I think that "some point" is yesterday, today & tomorrow. Every Adwords account I manage (6 or 7 at the present time, not including my own) is analyzed at a minimum of every other week. If my clients don't see a decent ROI - ar at least a break even - they never stay with the program longer than 60 days. For the accounts/markets a I manage, I see new competition pop up and existing competition drop all the time. My "day job" involves marketing with direct mail on a very large scale. I've been doing it for about 9 years. The draw to DM is that it was always one of the most measurable forms of diret marketing. 4 - 6 weeks after a mailing you can tell with actual figures if the campaign was successful. Adwords is like electronic direct mail, without the 4 - 6 week wait.

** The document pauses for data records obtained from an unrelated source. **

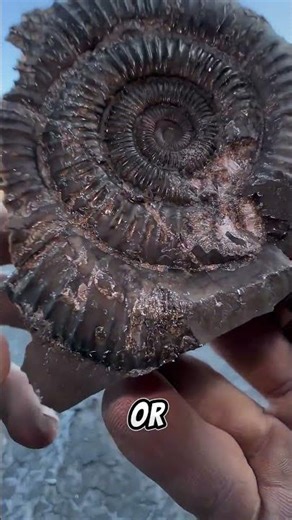 “How Fossils Are Formed in Millions of Years!”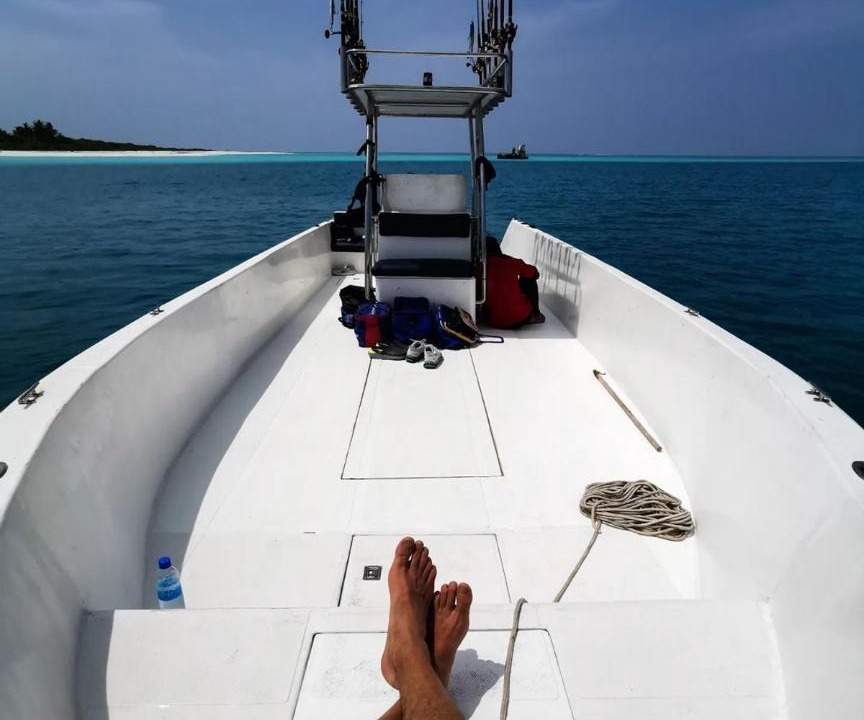 Photo of Others in Hanimaadhoo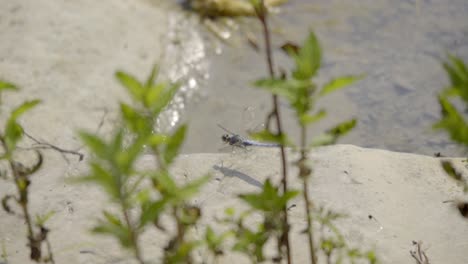 Slowmotion-shot-of-dragonfly-taking-flight-near-water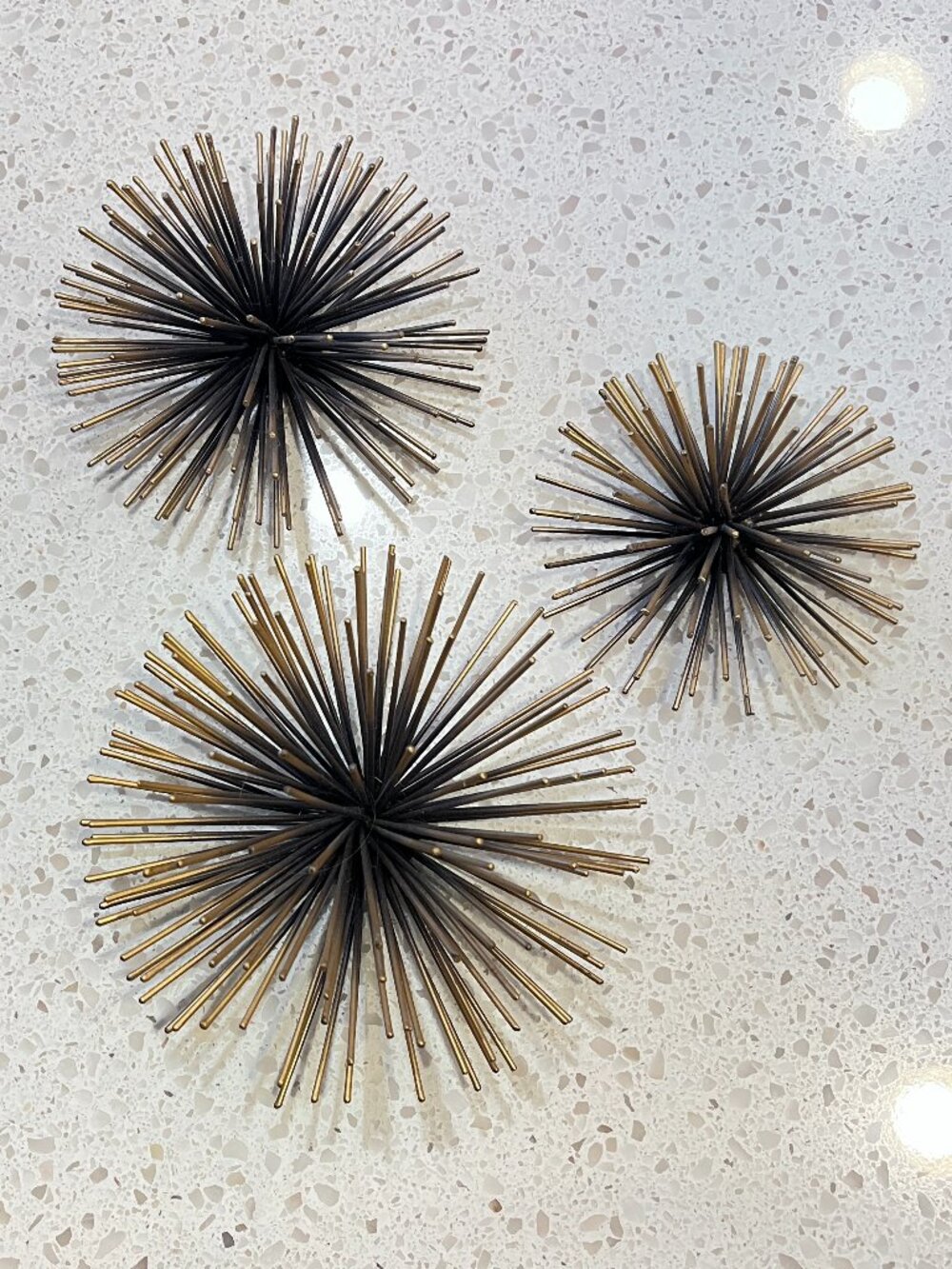 Target Project 62 Sea Urchin Wall Decor Set Gold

This is something I posted in another thread but it is relavent here... I paid for Overture's PPC service and someone set up a links website that had links to other sites related to my site. In the first few weeks I could see in my stats that I received over 700 clicks (with overture ID's in the links) originating from this links site. I didn't think this sounded right so I contacted the owner of the site and asked what his motive was. I figured he was somehow acting as an affiliate, and he was getting paid for these clicks by Overture. He gave me a one line bogus answer and the next day the site was offline. I contacted Overture to find out if I was being charged for these clicks. I noticed that my overture clicks per day immediately fell by the amount I was getting from this site. So yes, I was paying for them, but Overture denied it and then they said they would pass it along to someone else to research but I didn't hear from them for weeks. So I was pissed and cancelled. How this third party was making money I don't know but there was an obvious motive for him to send me clicks. My point in my other post was that I was getting a 3 on Yahoo rank before I cancelled overture but as soon as I cancelled, I started to get a zero. (I have since reinstated the account, because it does work, and probably will continue until I can figure out this SEO myself). My point in this post is that overture was not there for me. I paid for their golden membership or something like that where I was supposed to get superior service etc., but they didn't seem too concerned about this potential fraud that cost me a couple hundred dollars. I guess they thought I was paying for clicks and I was getting them, regardless of how bogus they were.
Hi. We are looking for PPC advertisers (using Google and others) who are interested in participating in a study to determine how many fraudulent click throughs they get via anonymous proxies (aka open proxies). Country Check prides itself on being able to block most of these anonymous proxies and by conducting this study we hope to be able to determine the level of risk to PPC advertisers. The study will involve changing the url of the page that the surfer is sent to being replaced by our code which redirects allowed users through to the content while blocking those using anonymous proxies. By blocking anonymous proxy users, a webmaster will be able to quickly notice any possible fraudulent click throughs that they are being charged for. If anyone is interested, please email me at Cheers, Adam
if your ads have only.05 to .50 USD on google no one click many time, 2nd you have to be smart, you have option in your google adword that your ads only dispaly on google, the main prob..is with adsense i think..
I think the allegations of fraud does more than fraud itself to harm PPC programs. The potential certainly exists, but the major players like Google have mechanism in place to combat it. As an Google publisher and advertiser, I'm more concerned about these articles than the actual fraud that is being committed.